Mas depois disso o que se verá é que sentimentos ruins e maldosos começam a surgir, não apenas no casal Richards, entre os habitantes da cidade. Como a única pessoa que poderia ter realizado esse feito, de ter ajudado um mendigo à noite, dando-lhe dinheiro está morta, cada um dos habitantes começa a imaginar que poderia ter sido o responsável por tal ajuda. O senhor Richards passará noites tentando criar uma história em que aparente ser verídica, para, ao final, ganhar a bolsa valiosa. Mas percebe que todas as histórias que inventa acabam caindo por terra devido a pequenos detalhes, que também se ligam a Burguess, outro personagem que tem importância na história.

Assim, em uma noite, toda a cidade se reúne na prefeitura pra descobrir o responsável por tal feito e aclamar aquele que levará à glória a cidade por ter se mantido tão fiel e honesto durante todo esse tempo e que agora seria agraciado com uma bolsa recheada com milhares de dólares como forma de agradecimento por um estrangeiro.

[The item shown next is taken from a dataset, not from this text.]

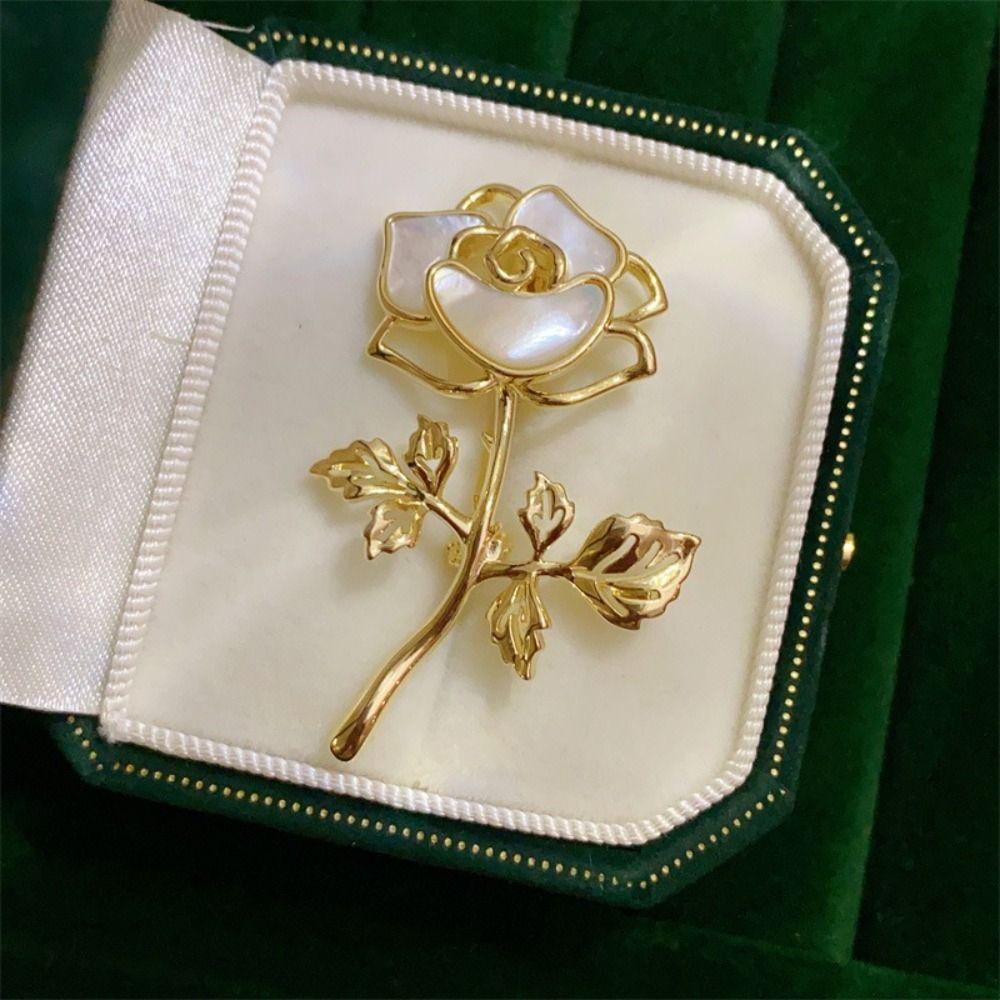 Cheongsam Accessories Romantic Badge Collar Pin Banquet Clothes Pin Fairy Rose Brooches  Unisex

Mas o que acontece, por desenvoltura do plano do estrangeiro, que acaba enviando inúmeros bilhetes falsos para diversos cidadãos ilustres da cidade, para que pensem terem sido eles os responsáveis por tal ventura, a de ajudar um desconhecido, fará com que na noite da reunião todos sejam vistos como falsários, homens desonestos e que, então, acabarão com a honra da cidade.

E assim acontece. A escrita de Twain vai, aos poucos, arquitetando, em pouco tempo, uma obra que precisa ser lida e tido como leitura fundamental para quem gosta de criar quebra-cabeças. Na novela, percebe-se os vários nichos criados pelo autor e que vão, aos poucos, se conectando, evidenciando os vários núcleos existentes dentro da cidade. Numa progressão de tempo, sem muitas regressões, conta uma história que, aparentemente, pode ser simples, pois o leitor poderá de antemão supor saber o final da história, até que Twain surpreende com uma certa reviravolta e nos faz gritar sozinhos com o livro em mãos.

Uma leitura rápida, mas densa, em que possibilita pensarmos os dias atuais como estão e como são. Que sociedade é essa que se forma em meio a tanta falsidade? A maneira como facilmente se engana a milhares, a possibilidade de mostrar que nem todos são o que dizem ser e mais, que até os honestos, na verdade, só precisam estar diante de seus medos ou de suas inseguranças para que isso caía por terra e mostre que somos todos iguais e que, portanto, não deveríamos querer ser mais uns dos que os outros.

É o tipo de leitura que facilmente poderia estar na escolas para poder ser possível dialogar com os nossos adolescentes e fazê-los ver e pensar sobre o que acontece entre nós. Questionar se o que acontece na cidade é algo que realmente a corrompe ou que a liberta. É possível, com as ações dos personagens, e o que acontece ao final do livro, parar para pensar se nossa sociedade é tão parecida com os homens e mulheres de Hadleyburg. Se a humanidade em si é honesta. Se fosse, estaríamos vivendo da maneira que estamos?

Um bom livro, como esse publicado pela Editora Grua, em sua coleção A Arte da Novela, é aquele que nos faz ter prazer, certamente, enquanto leitura, mas aquele que proporciona inúmeros questionamentos também. Trazer para a nossa realidade algo que achamos crer apenas como ficção é o que faz uma obra ter ares de grande. E o que ela traz, em suas dúvidas e seus questionamentos também.